+++ DATASET
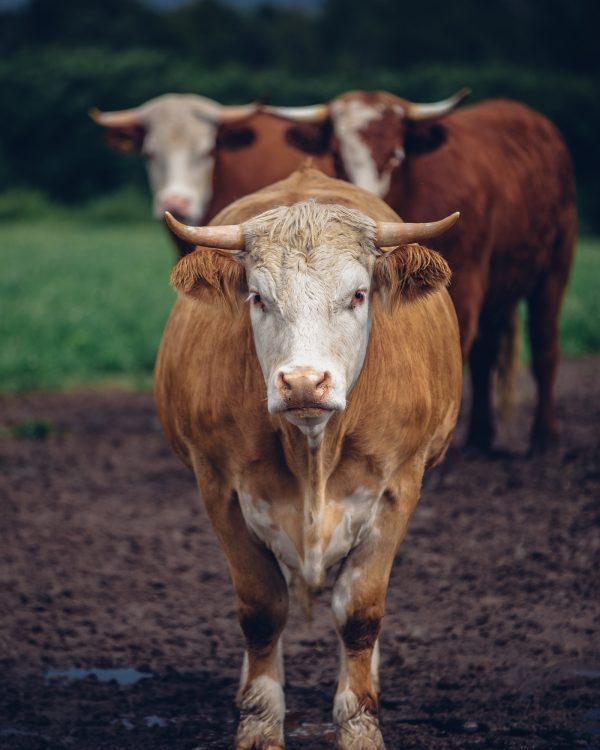 Vertical shot of a beige bull staring at the camera and two brown ones in the blurry background A vertical closeup shot of a beige bull staring at the camera and two brown ones in the blurry background
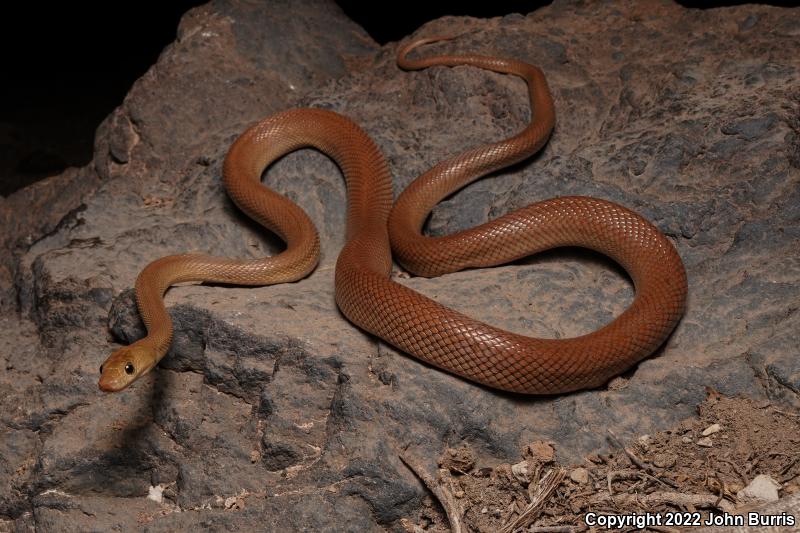 Baja California Rat Snake (Bogertophis rosaliae)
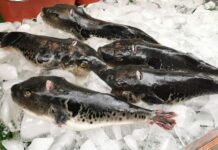 Kenapa Ikan Buntal Termasuk Jenis Ikan Mematikan?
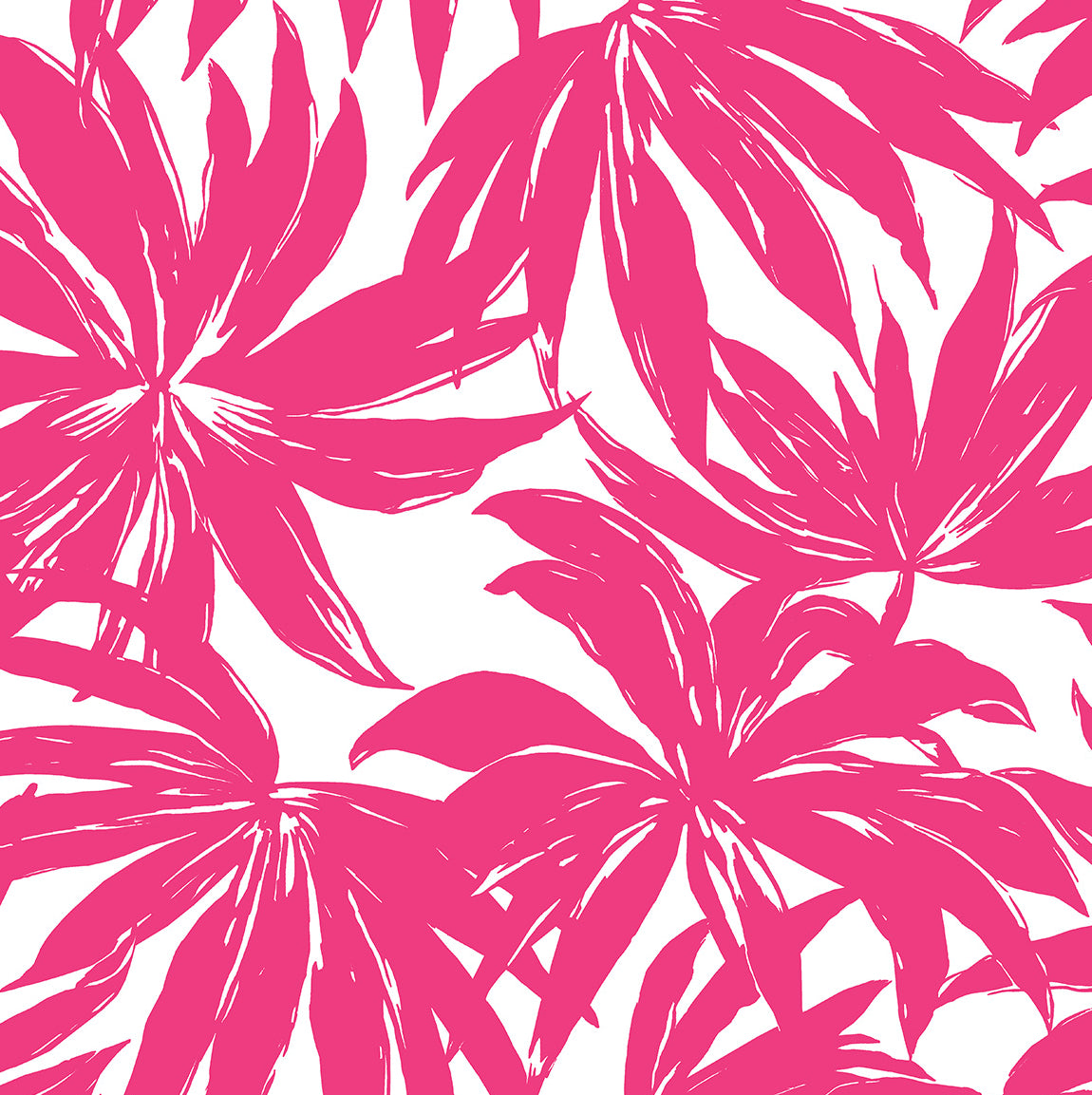 DBW9117 Daisy Bennett Designs West Boulevard Collection Wallpaper Palma Hot Pink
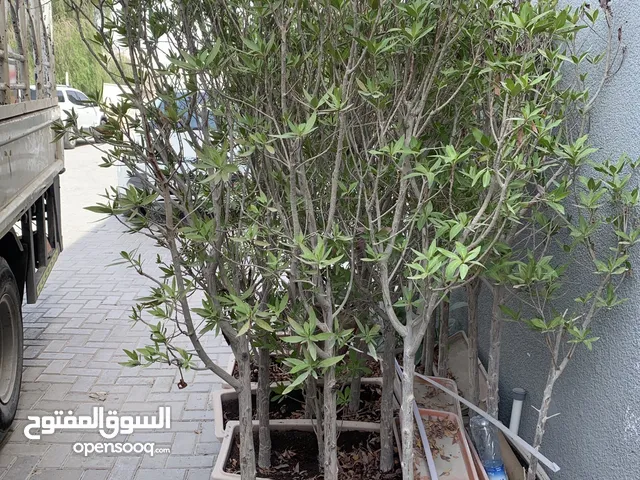 Garden plants we providedoutdoor plants with pots we provided delivery services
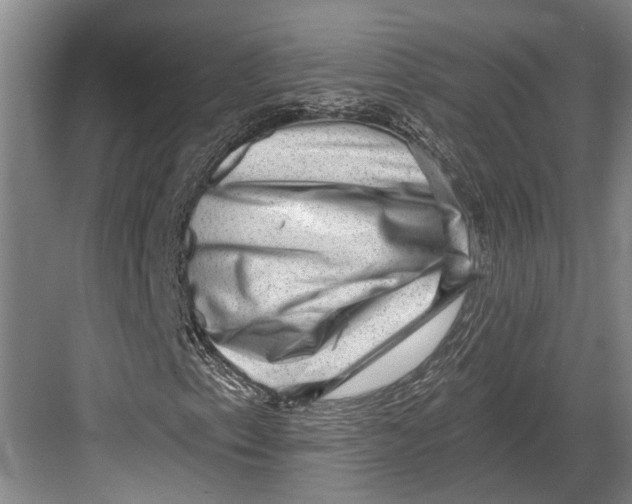 X0000082681153200702161651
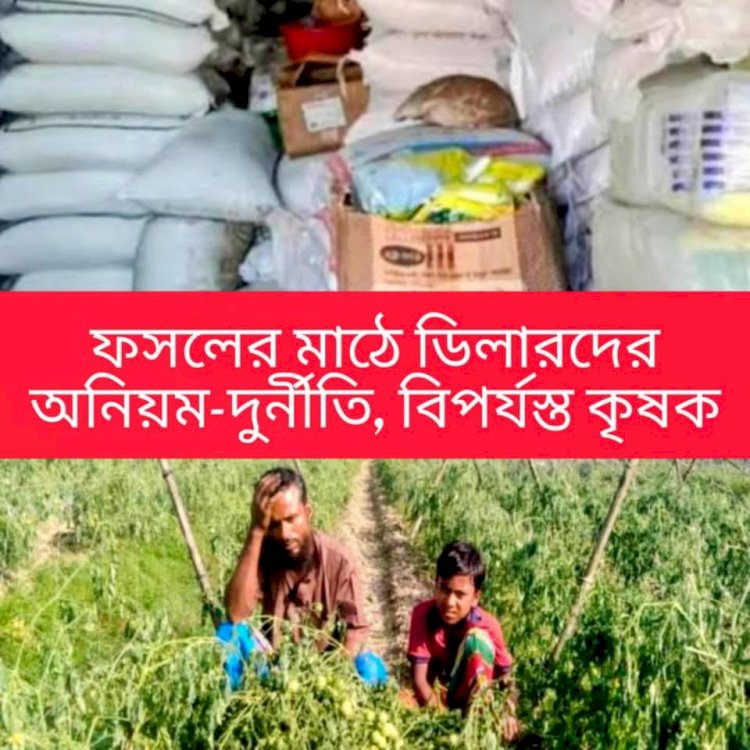 In Rajshahi, farmers are forced to buy fertilizer at higher prices due to the manipulation by some unscrupulous dealers; smuggling is ongoing in various upazilas.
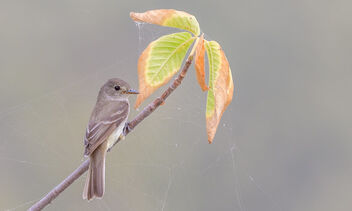 Willow Flycatcher - Free image #482771
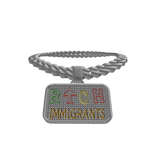 Rich immagrants  iced out chain 3.0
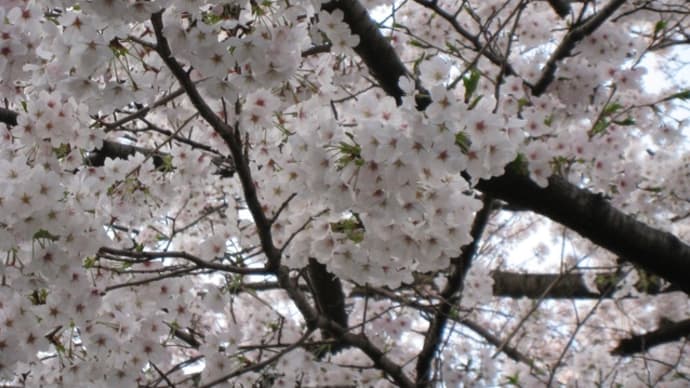 春の花(福岡市社交ダンススタジオ・ダンススクールライジングスタースタッフより)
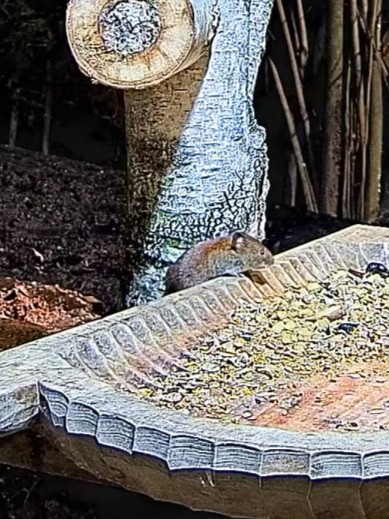 livebirdspoland_04c4a0bb71aeed900fb5e3a5cf209fd7.jpg
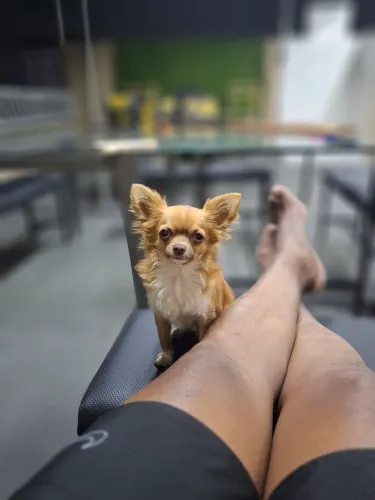 Chihuaua para cruza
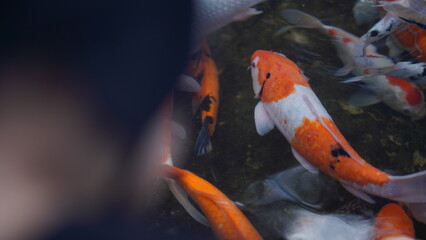 Vibrant Koi Fish Swimming in a Pond A Close-Up View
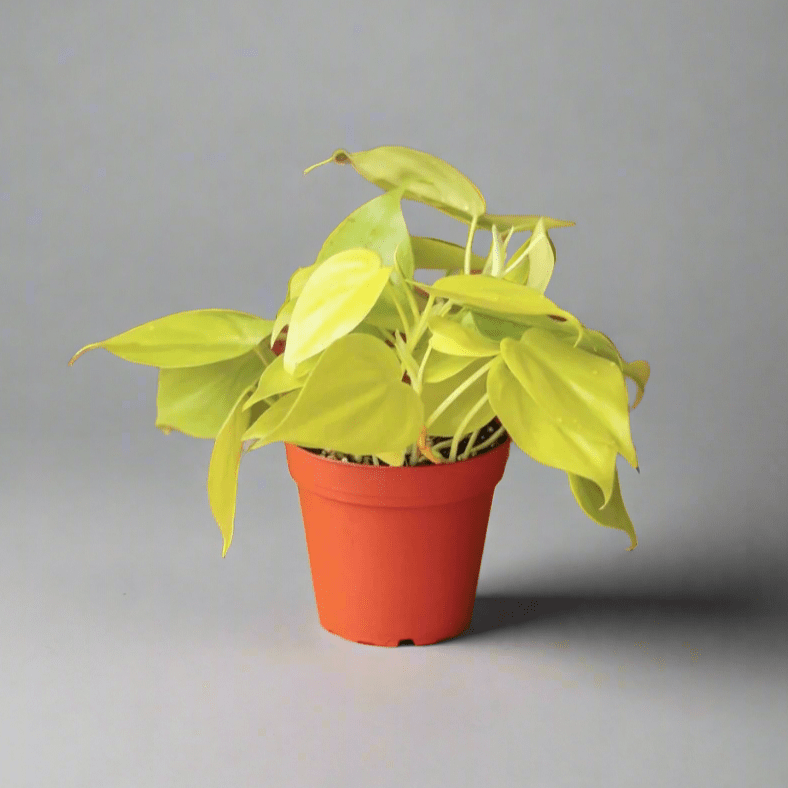 philodendron heartleaf neon Lemon Lime Vining Heartleaf Philodendron cordatum - Easy to Grow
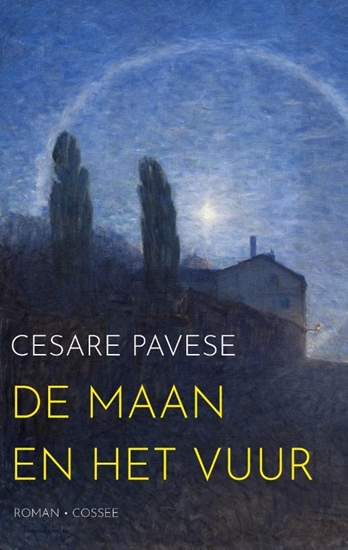 Afbeelding van De maan en het vuur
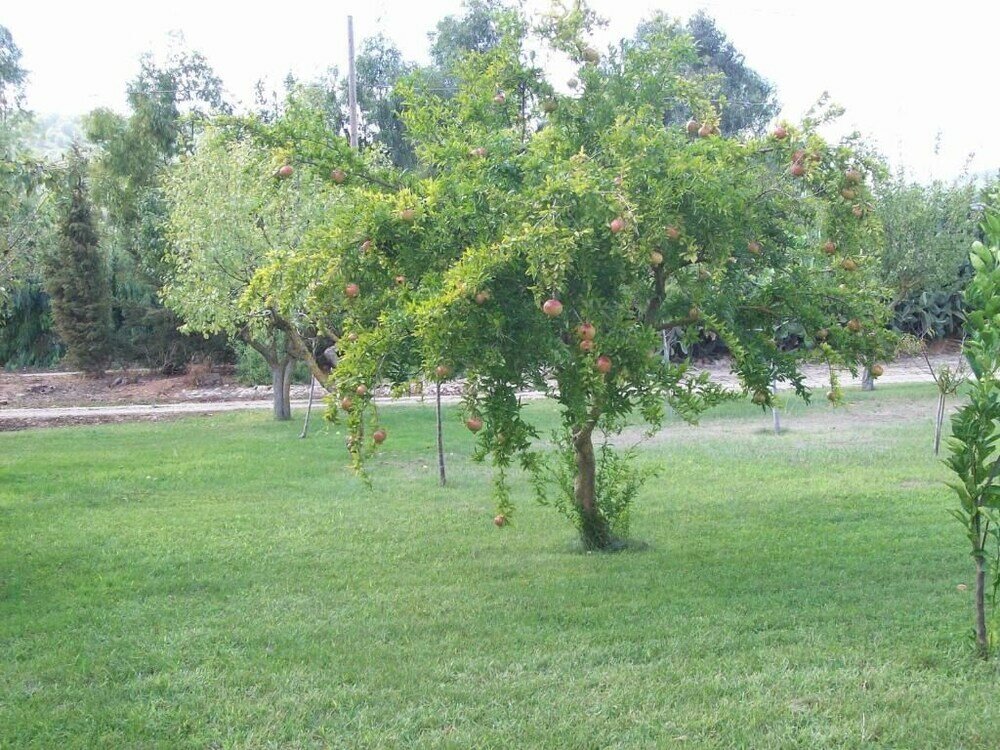 Фото B&b da Giovanna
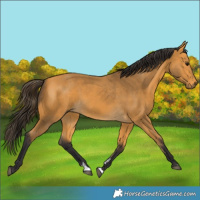 Horse Color:Buckskin 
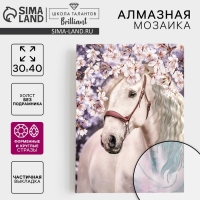 Алмазная мозаика с частичным заполнением и форменными стразами на холсте «Прекрасный конь», 30 х 40 см Алмазная мозаика с частичным заполнением и форменными стразами на холсте «Прекрасный конь», 30 х 40 см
++++++
Leave the pictures aside and transcribe only the lines from the one holding "Фото B&b da Giovanna" through the final line of the records above.

 Фото B&b da Giovanna
 Horse Color:Buckskin 
 Алмазная мозаика с частичным заполнением и форменными стразами на холсте «Прекрасный конь», 30 х 40 см Алмазная мозаика с частичным заполнением и форменными стразами на холсте «Прекрасный конь», 30 х 40 см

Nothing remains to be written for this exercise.